To all of the people posting that Facebook never gave the option of the Kenyan flag or the Lebanese flag, the Nigerian flag, or even the Syrian flag, answer this question. What did you yourself do when these attacks happened? What was your concerted effort towards recognizing the attacks in those places?

I’ve seen everyone reposting articles from April about attacks in Kenya that claimed so many lives, but why are you choosing now, in November, after the Paris attack, to post about it? Did you post about it when it happened? Did you mourn or get angry when you found out about it?

What was your concerted effort towards recognizing the attacks in those places?

If you’re argument is that you didn’t know about it because the news didn’t publicize it, you should check yourself, because if you’re posting them now then there were some news articles about it, but you chose not to seek it out.

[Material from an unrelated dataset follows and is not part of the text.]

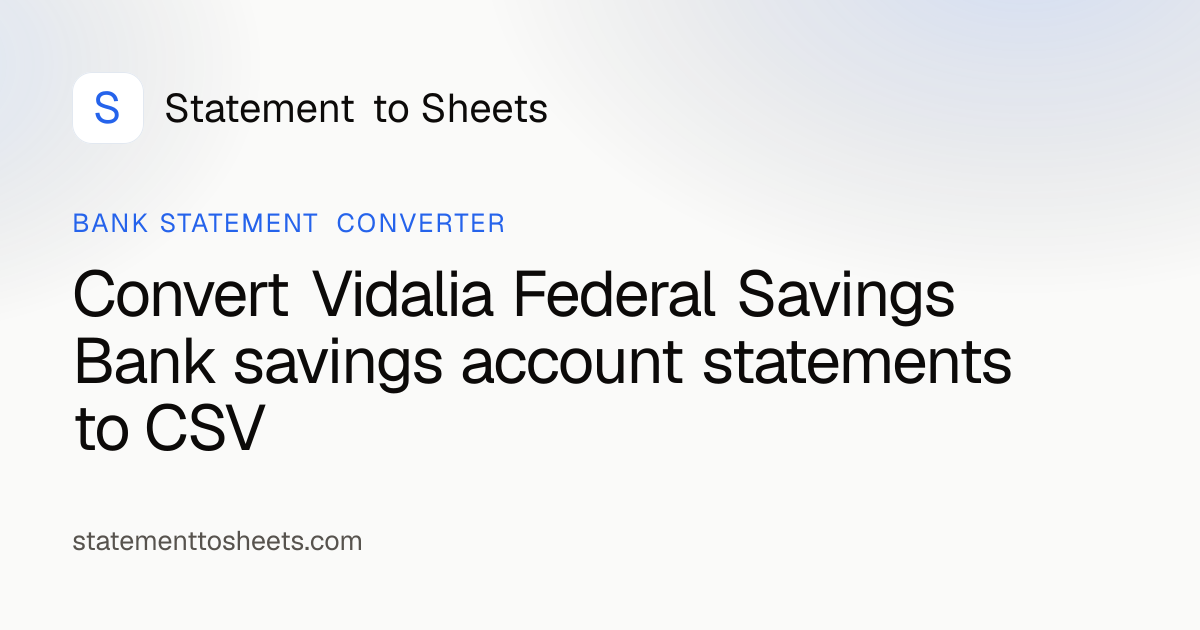 Vidalia Federal Savings Bank Savings Account Statement to CSV — Free ...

See we already know that Western media is not designed to shed light on events that they don’t feel directly affect them in some way. On occasion they will find a way to champion a foreign tragedy into a cause of theirs, (read, Boko Haram) but for the most part they are unaffected by the everyday bloodshed and attacks that some non-Western cultures often endure.

Knowing this, but feeling that these tragedies are important, it is up to you as an individual to educate yourself and even further help the visibility of these issues by spreading the word.

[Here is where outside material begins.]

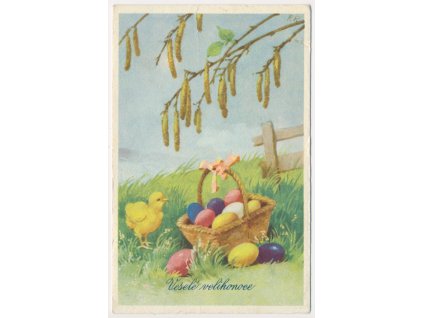 Veselé Velikonoce, Košík, barevná vajíčka, kuřátko..., cca 1945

You have every right to be upset that the mass attacks in other countries that happen even more frequently were not covered or given the type of attention that Paris was. You have every right to be upset that Facebook didn’t invest itself in their pain. What you don’t have the right to do is invalidate the loss of ANYONE’s life.

Western media is not designed to shed light on events that they don’t feel directly affect them in some way

The lives lost in France were not more important than those lost in Kenya, or Syria, or Lebanon nor are those lives are more important than France.

By choosing to right now selectively mourn certain lives lost over others you’re perpetuating the same thing Western media is. You are saying, I’m not mourning those lives because they are not as important to me, as relevant, as worthy as the lives lost in other places.

Paris is a tragedy, period. Kenya is a tragedy. Syria is a tragedy. Lebanon is a tragedy. You cannot put a ‘but’ after any of those sentences because they are all equally tragic and in order to properly mourn one you have to equally mourn all.

To help make sure that every tragedy is properly recognized, don’t wait until a tragedy happens to take action. Be active in knowing what is going on outside of your world and be vocal about letting everyone know.

1 Comment on Your Facebook Picture Isn’t The Focus of The Paris Attacks

  1. Ashleigh Atwell
    November 18, 2015 at 10:02 am (1 year ago)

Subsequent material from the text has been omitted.